Tuesday, January 12, 2010

Image Interpretation Objectives

An example of a typical complex outdoor natural scene that a general knowledge-based image interpretation system might be expected to understand is shown in Figure 1. An objective of such systems is to identify semantically meaningful visual entities in a digitized and segmented image of some scene. That is, to correctly assign semantically meaningful labels (e.g., house, tree, grass, and so on) to regions in an image -- see [29,30]. A computer-based image interpretation system can be viewed as having two major components, a "low-level" component and a "high-level" component [19],[31]. In many respects, the low-level portion of the system is designed to mimic the early stages of visual image processing in human-like systems. In these early stages, it is believed that scenes are partitioned, to some extent, into regions that are homogeneous with respect to some set of perceivable features (i.e., feature vector) in the scene [6],[40],[39]. To this extent, most low-level general purpose computer vision systems are designed to perform the same task. An example of a partitioning (i.e., segmentation) of Figure 1 into homogeneous regions is shown in Figure 2. The knowledge-based computer vision system we shall describe in this paper is not currently concerned with resegmenting portions of an image. Rather, its task is to correctly label as many regions as possible in a given segmentation.

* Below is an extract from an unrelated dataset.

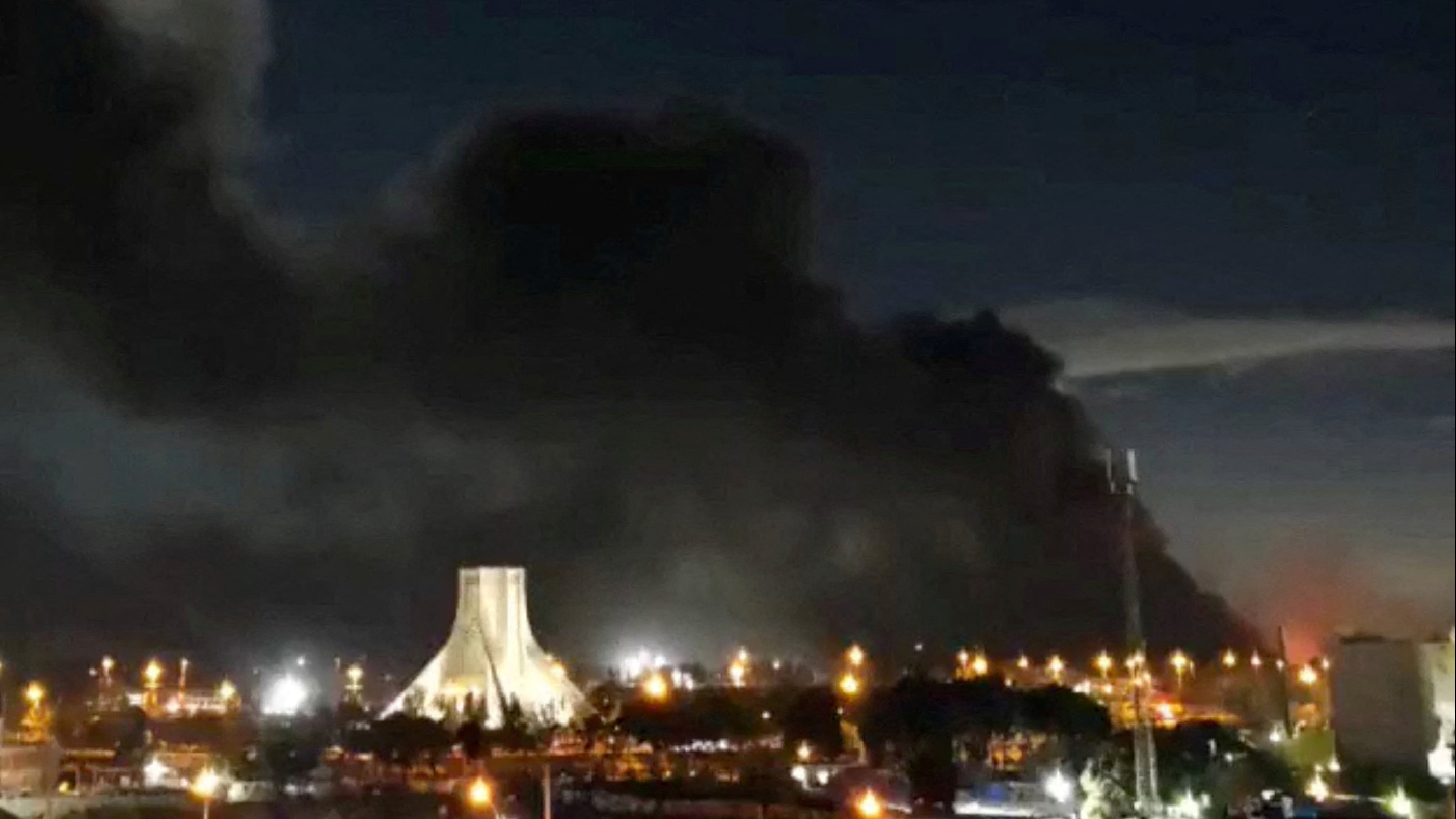 Dünya Savaşı Alarmı! Trump'ın İran'a Verdiği Süre Doluyor: Saatler Ölümcül Gece Yarısına Ayarlı!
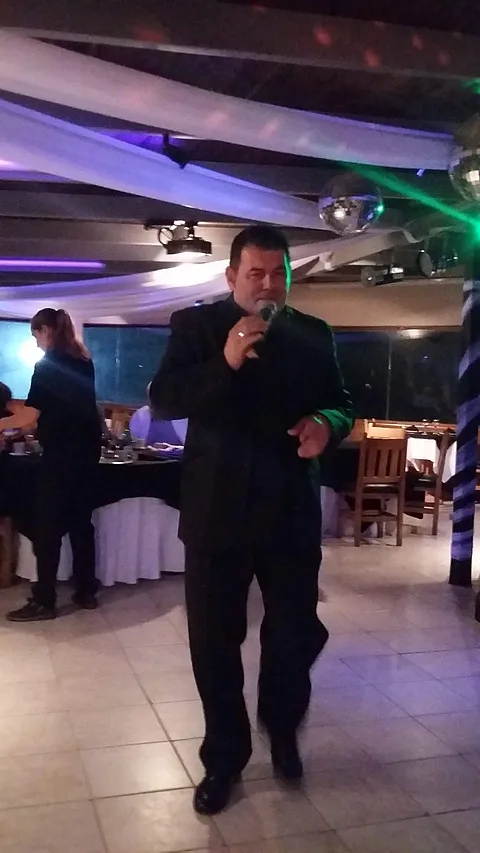 Alejandro Casas 4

This a direct quote from a 1984 paper on computer vision. A great example of segmentation-driven scene understanding. The content is similar enough to my own line of work that it could have been an excerpt from my own thesis.

It is actually in a section called Image Interpretation Objectives from "Evidential Knowledge-Based Computer Vision" by Leonard P. Wesley, 1984. I found this while reading lots of good tech reports from SRI International's AI Center in Menlo Park. Some good stuff there by Tenenbaum, Barrow, Duda, Hart, Nillson, Fischler, Pereira, Pentland, Fua, Szeliski, to name a few. Lots of stuff there is relevant to scene understanding and grounds the problem in robotics (since there was no "internet" vision back in the 70s and 80s).

On another note, I still haven't been able to find a copy of the classic paper, Experiments in Interpretation-Guided Segmentation by Tenenbaum and Barrow from 1978. If anybody knows where to find a pdf copy send me an email. UPDATE: Thanks to the quick reply! I have the paper now.